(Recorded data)
■ ■ ■ ■ ■ ■ ■
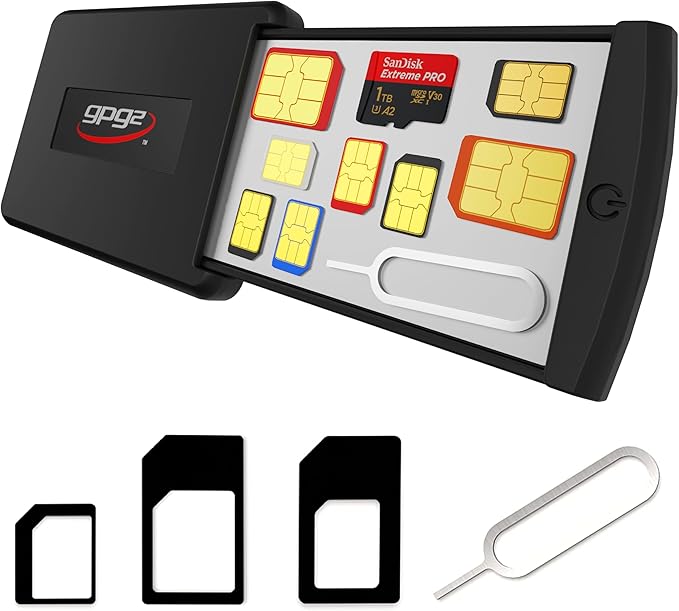 Mobile Safe Case for Travel, Hard Case & Compact Organizer for All SIM Types, Nano & Micro SD Cards, Adapters Kit & Removal Tool Included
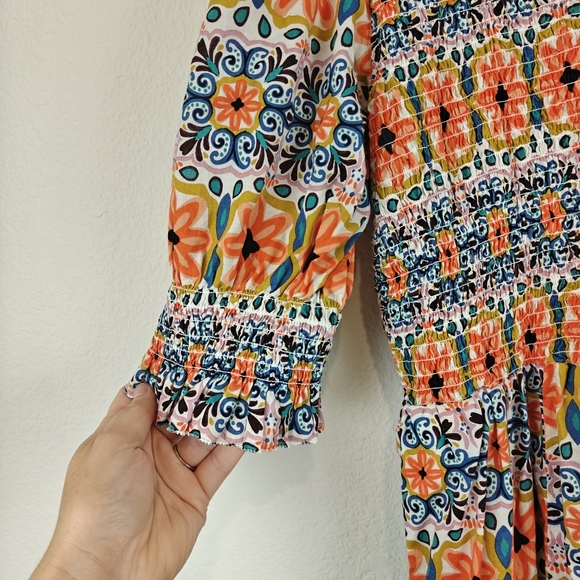 BODEN Smocked Bodice Puff Sleeve Midi Floral Deep V Dress Size 16/18R - Picture 10 of 15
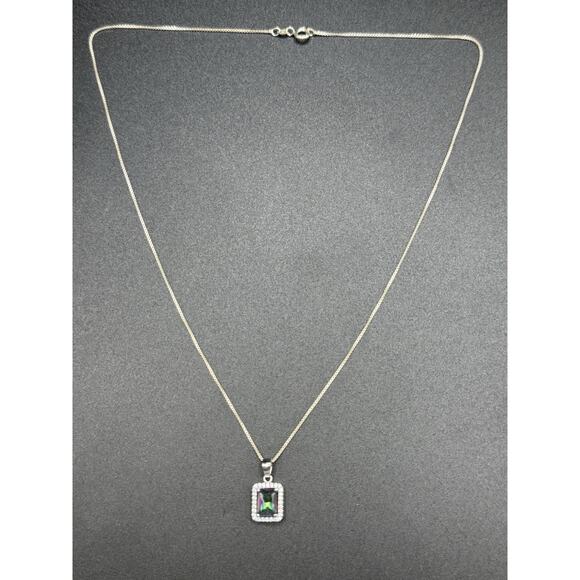 Vintage 18” Sterling Silver Mystic Topaz Cubic Zirconia Pendant Necklace 925 Q23 - Picture 3 of 10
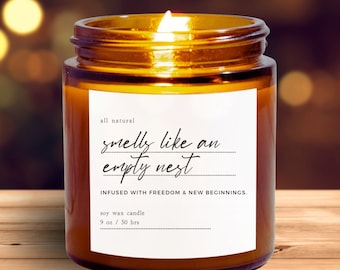 Eine leere Nester Sojawachs Kerze Geschenk leere Nest Club für Eltern Abschluss Abschluss Senior Mama Papa geht aufs College zu gehen Schule Eltern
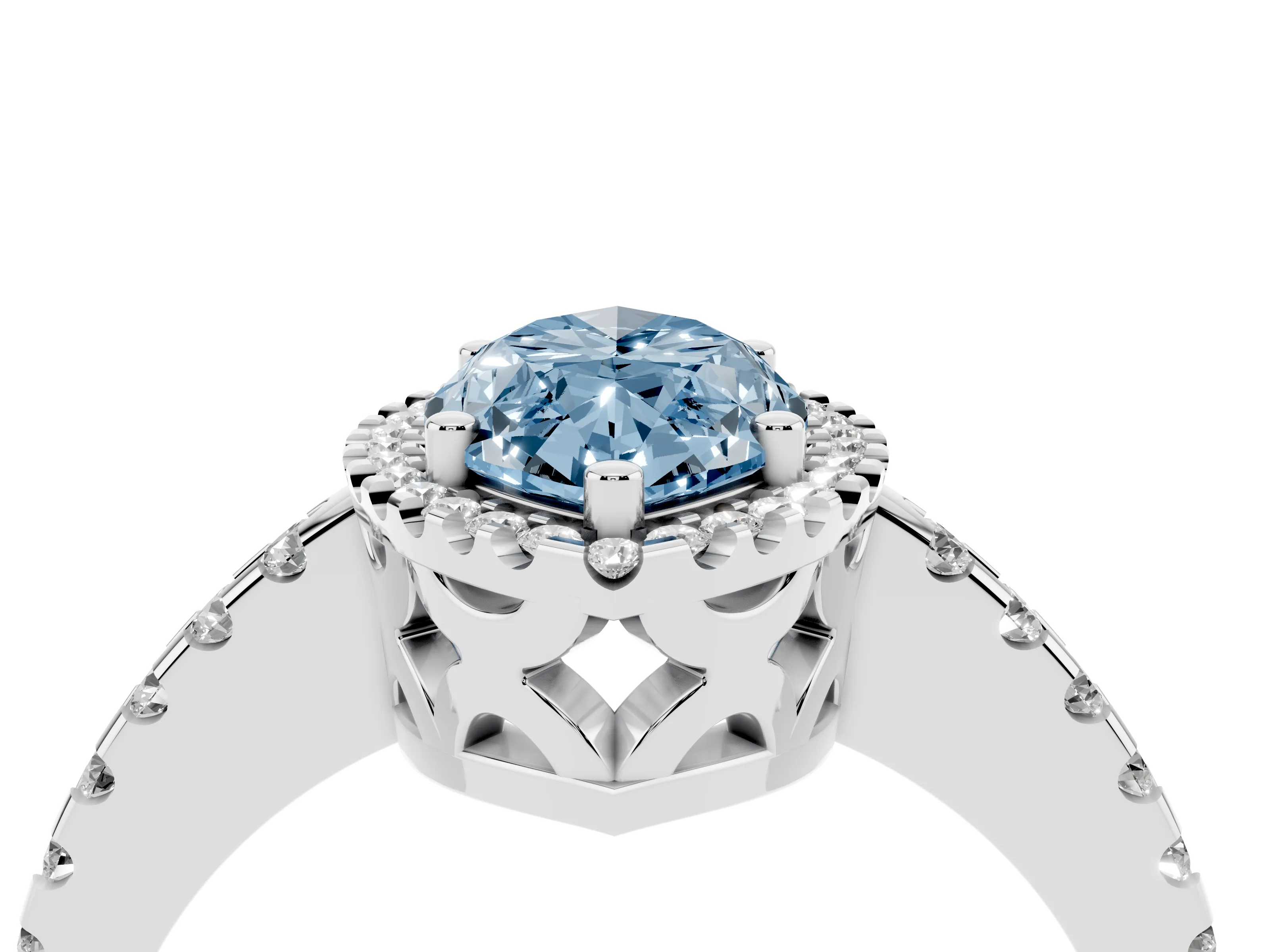 Fancy Blue Marquise Cut Diamond Halo Ring Set in Silver with Pavé Shoulders and Halo-Framed Center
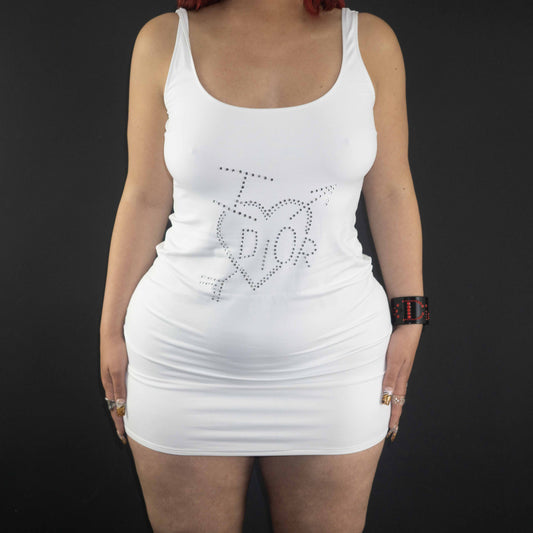 Bodycon white rhinestone dress "I love Dior" - L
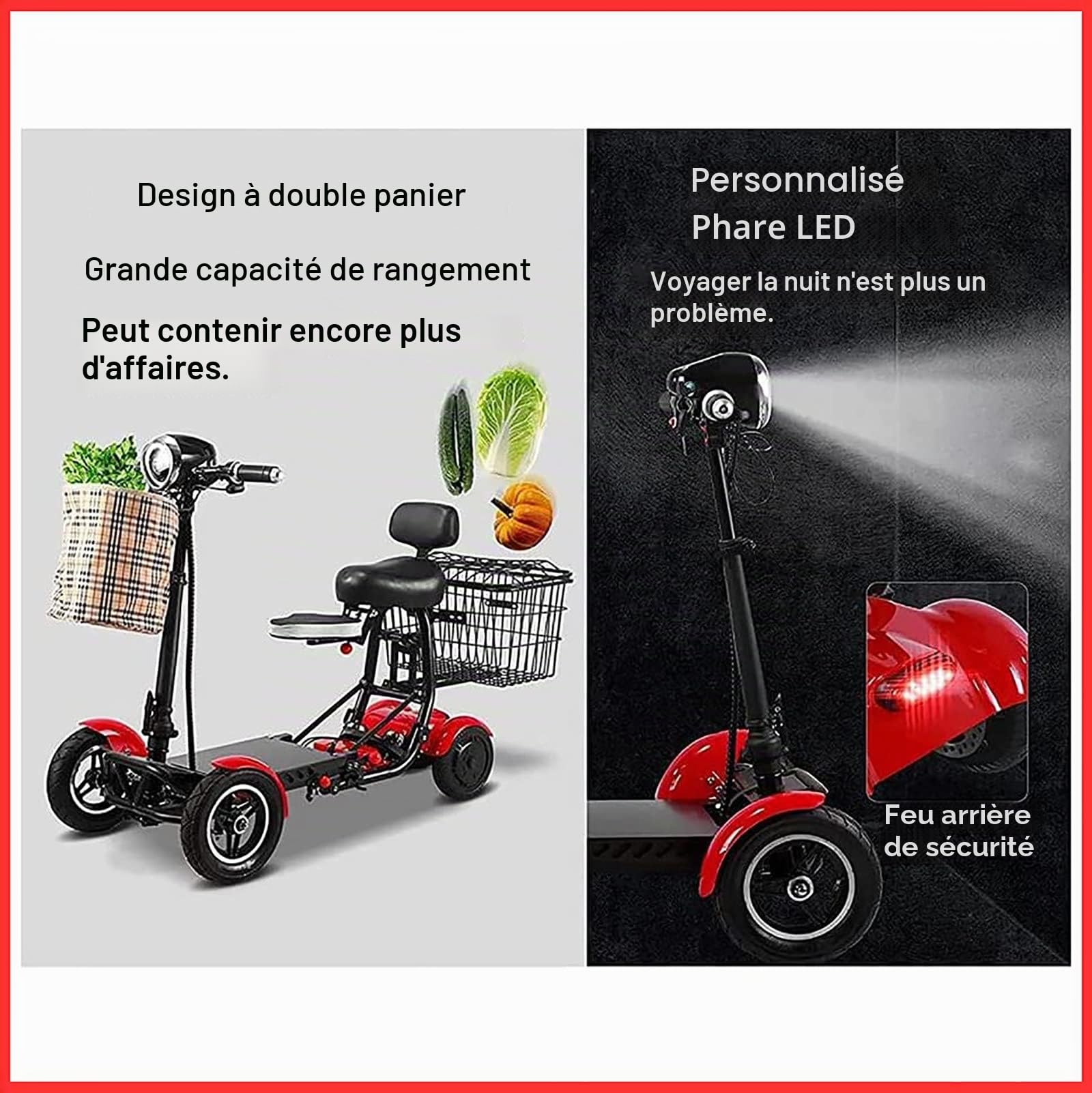 Trottinette LMBXAIP pour personnes âgées, 4 roues pliable, noir, 22 kg, 120 kg max, 20 km d'autonomie, freins à disque, aluminium, style léger, sport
■ ■ ■ ■ ■ ■ ■
Task requirements |
What you set down should be exactly the lines from the line containing "Eine leere Nester" to the last line of the entries above, both included, with no pictures.

Completed task |
 Eine leere Nester Sojawachs Kerze Geschenk leere Nest Club für Eltern Abschluss Abschluss Senior Mama Papa geht aufs College zu gehen Schule Eltern
 Fancy Blue Marquise Cut Diamond Halo Ring Set in Silver with Pavé Shoulders and Halo-Framed Center
 Bodycon white rhinestone dress "I love Dior" - L
 Trottinette LMBXAIP pour personnes âgées, 4 roues pliable, noir, 22 kg, 120 kg max, 20 km d'autonomie, freins à disque, aluminium, style léger, sport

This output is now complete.